━━ DATA EXTRACTS

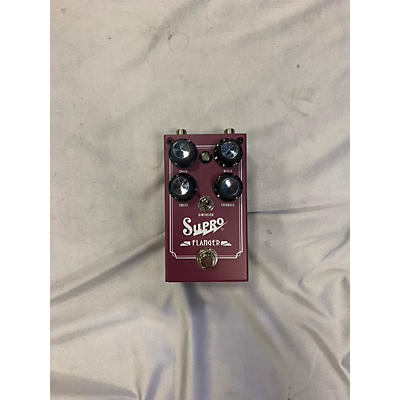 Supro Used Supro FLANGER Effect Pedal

━━━━
━━ DATA EXTRACTS

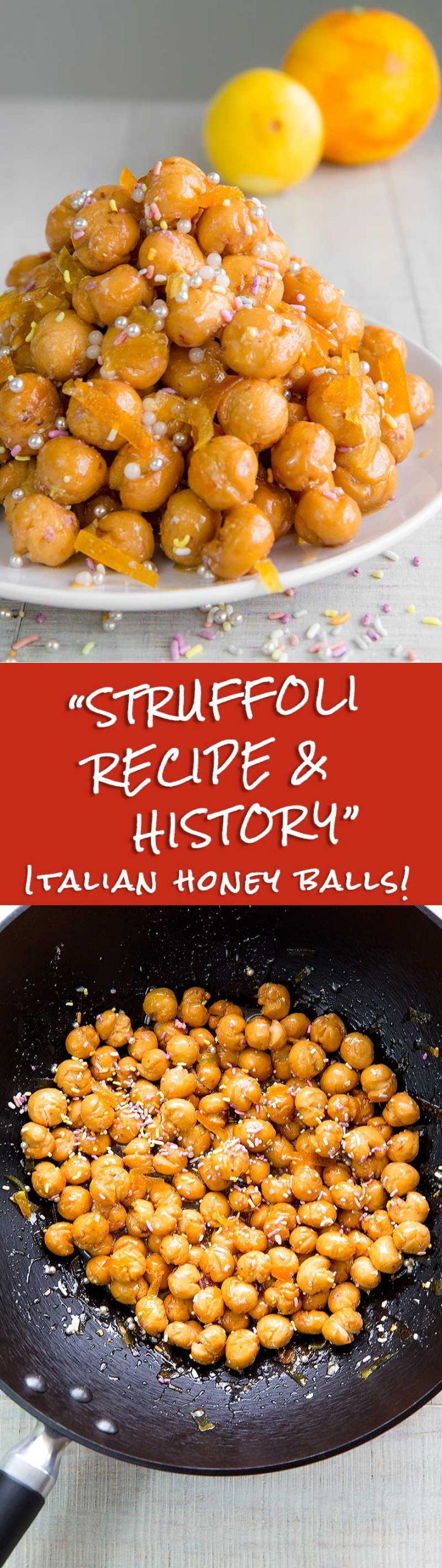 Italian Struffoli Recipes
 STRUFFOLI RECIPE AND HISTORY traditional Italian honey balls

━━━━

* [ASSIGNMENT]
Transcribe, from the material above, the stretch starting at the line with "Italian Struffoli Recipes" and ending at the line with "STRUFFOLI RECIPE AND", both included, exactly. Do not carry over pictures.

* [OUTPUT FOR THIS EXERCISE]
 Italian Struffoli Recipes
 STRUFFOLI RECIPE AND HISTORY traditional Italian honey balls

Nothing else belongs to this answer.